Author Topic: tfm-tex-0x02.trid.xml for TeX Font Metric; variant with lh=0x02  (Read 10 times)

jenderek

  • Sr. Member
  • ****
  • Posts: 369
Hello trid users,

some days ago i looked at the content of an exotic CD-ROM. There are also
stored samples which are misidentified. The samples have TFM file name suffix

There exist other variants. So in this session i will handle only variant with
lh=0x02. I will explain later what this means.

I found such samples after installing MiKTeX version 23.12 on Windows. On
Linux Mint 21.3 i found such samples as part of packages (like texlive-base
texlive-fonts-recommended texlive-lang-greek texlive-lang-other
texlive-latex-extra texlive-music texlive-pictures texlive-science).

So i run trid utility on my TFM samples with lh=0x02. The samples are not
recognized. Many are described as "Unknown!". For not unknown samples i get
many different descriptions, but all are wrong (see appended trid-v-old.txt in
output). I get many hundreds of such TFM samples. It took some time to get
dozen of non TFM samples which matches the misidentified TFM samples. Many are
described as "Adobe PhotoShop Brush" by abr.trid.xml. Few are described as
"Commodore 128 BASIC V7.0 program" by prg-c128.trid.xml or as "Commodore 128
BASIC V7.0 program (graph mode on)" by prg-c128-gfx.trid.xml. Few (like
cmman.tfm gen9.tfm) are described as "MacBinary 1" by
macbinary-1.trid.xml. Few samples (like yarborn.tfm) are described as "PC9801
rip" by m-mod.trid.xml.

For comparison reason i also run the file format identification utility DROID
(See https://sourceforge.net/projects/droid/).

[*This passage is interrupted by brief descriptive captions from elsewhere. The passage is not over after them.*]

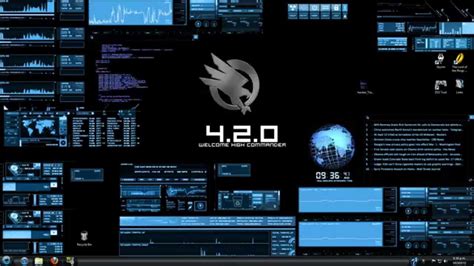 Rainmeter Bluevision V02 Customized Desktop Hacker Cmd Skin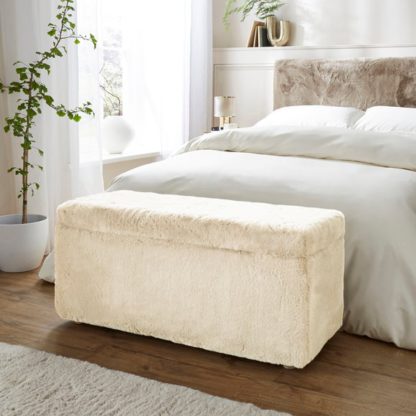 An Image of Elysia End of Bed Ottoman, Faux Fur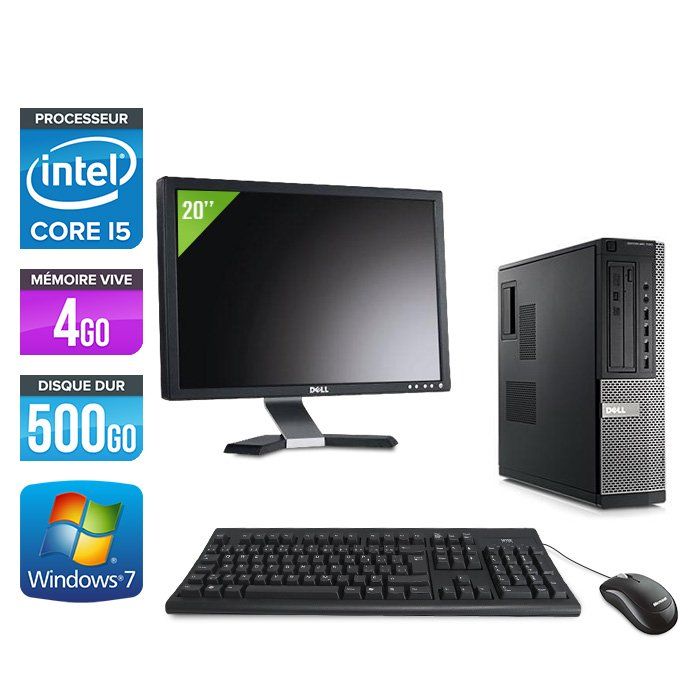 Dell Optiplex 790 Desktop PC + 20'' Monitor - Intel Core i5-2400 / 3.10 GHz - 4GB RAM - 500GB HDD - DVD - Gigabit Ethernet - Windows 7 Pro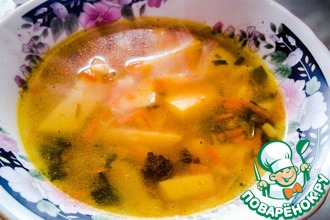 Куриный суп с манными клецками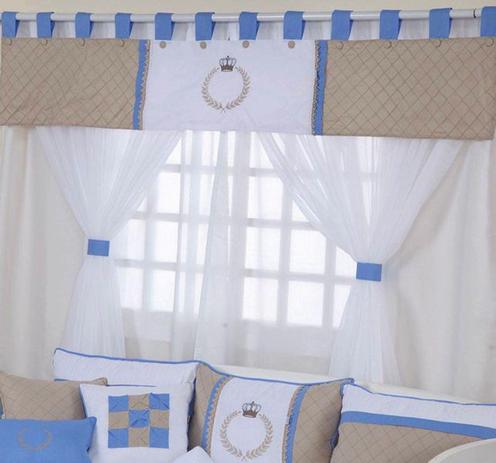 Cortina Para Quarto de Bebê Realeza Azul - I9 baby Menor preço em Cortina Para Quarto de Bebê Realeza Azul - I9 baby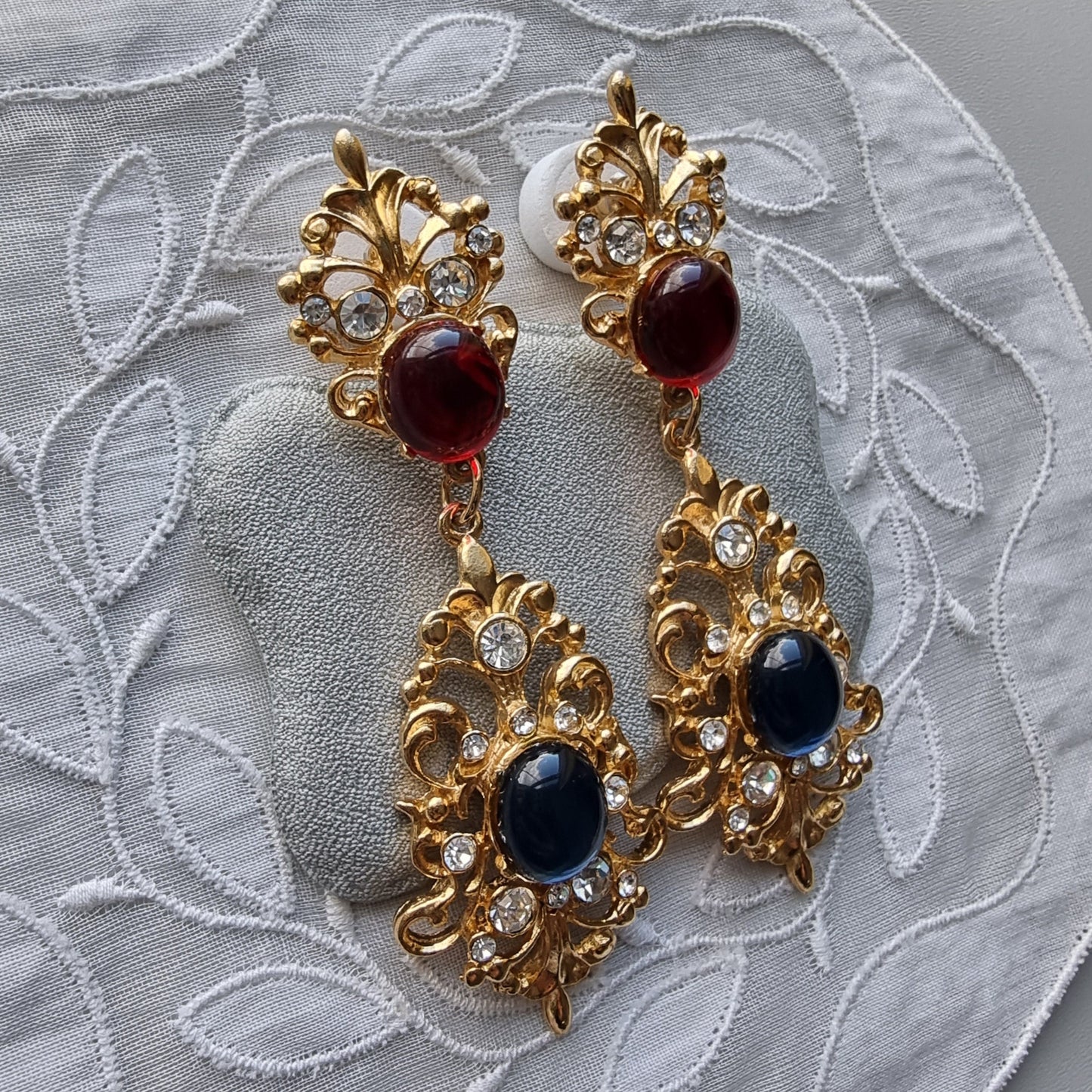 Posts - Statement Red and Blue Cabochon Drop Earrings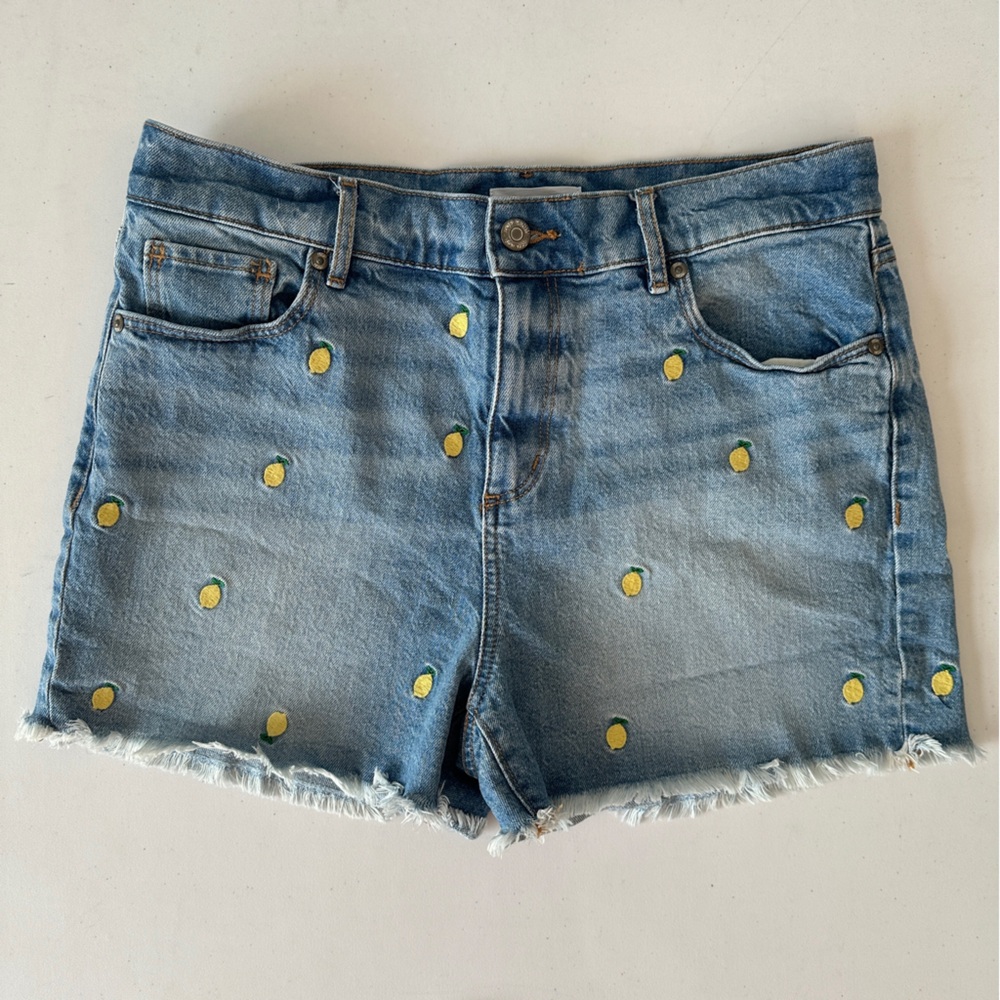 Loft lemon jean shorts frayed hem size 29/8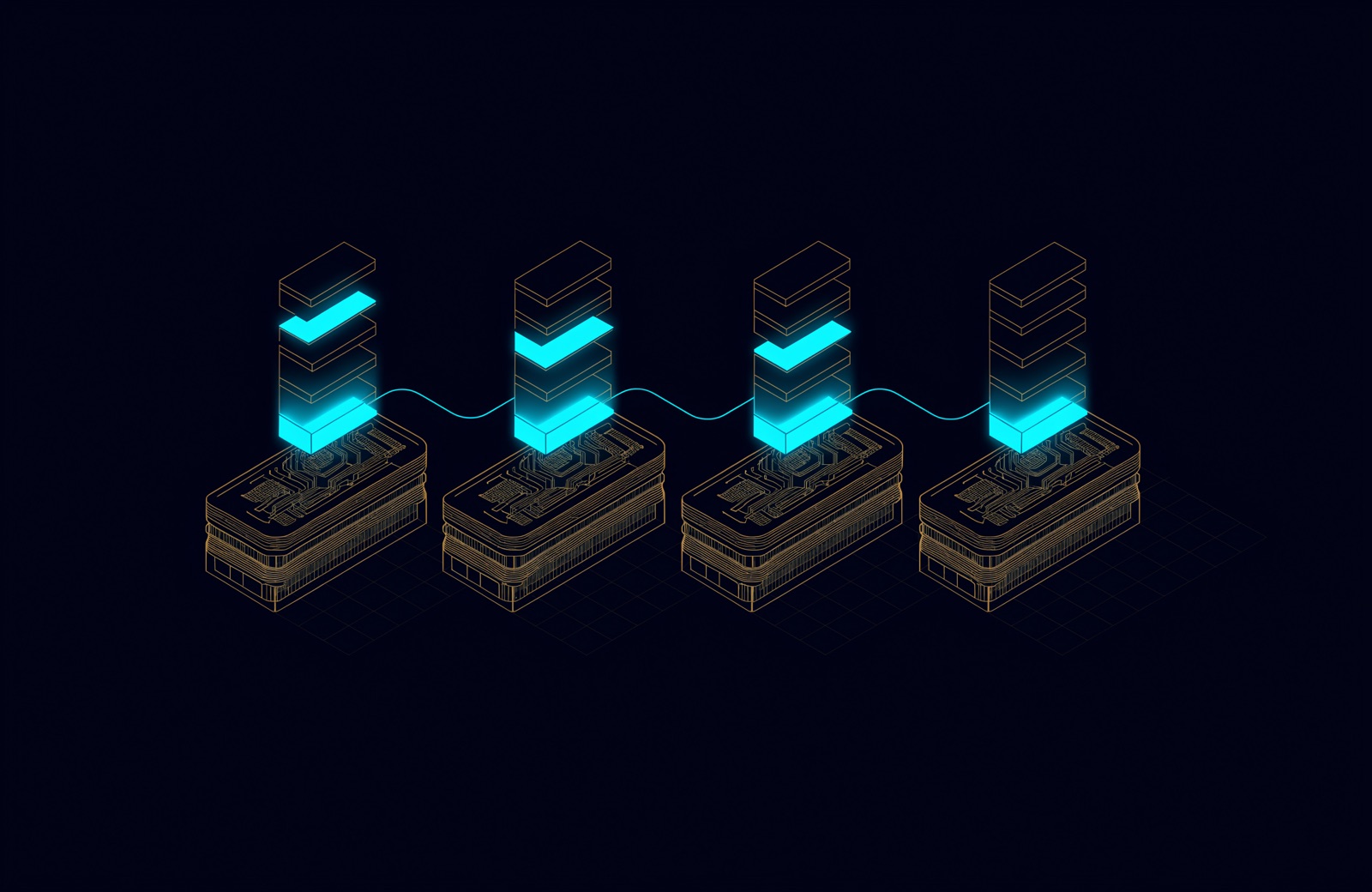 Line illustration of four GPU cards in a row, each with a stack of memory blocks filling up like a gauge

Here most of the samples are
also not recognized.  Samples with bin suffix like (like ttcomp-bin-4k.bin)
are therefore described as "Binary File" by PUID fmt/208. Samples with m
suffix like (like DIES_13.M EVE_18.M EVE_19A.M EVE_26.M) are therefore
described as "MATLAB Script File" by PUID fmt/1678.

For comparison reason i also run file command (version 5.45) on such
samples. Here all such samples are not recognized" and not described as "TeX
font metric data". A few samples with M suffix (like EVE_18.M) are
misidentified as "TeX font metric data".  Few samples (like cmfibs8.tfm
fcitt12.tfm rgrbf10.tfm) are described as "executable" for "MIPS" or "amd 29k"
architecture Few samples (like cmrgrsl10.tfm yrcmex10.tfm) are described as
"object" for "Tower/XP" architecture.  This behaviour get not better when
using no keep going option of file command (see appended file-5.45.txt in
output). For the TFM samples no mime type application/x-tex-tfm is shown (see
appended file-i-5.45.txt in output). Here no file name suffix is shown (see
appended file-ext-5.45.txt in output).

Luckily i found page about TeX Font Metrics on file formats archive team web
site and on Wikipedia. So i use the first because the Wikipedia link is there
also mentioned and furthermore link to download samples are here listed. So
the reference URL in new definition is expressed by line like:
 <RefURL>http://fileformats.archiveteam.org/wiki/TeX_Font_Metrics/RefURL>

So i run tridscan on my samples to generate tfm-tex-0x02.trid.xml.  Afterwards
i tried to understand the generated constructs and look if these are always
true. According to specification the six-word (24-byte) file header contains
twelve unsigned 16-bit integers which describes general TFM characteristics
(the length of the file, the range of character codes contained in the font,
and the size of each of the tables). According to specification i patched file
command (see appended file.tmp in output).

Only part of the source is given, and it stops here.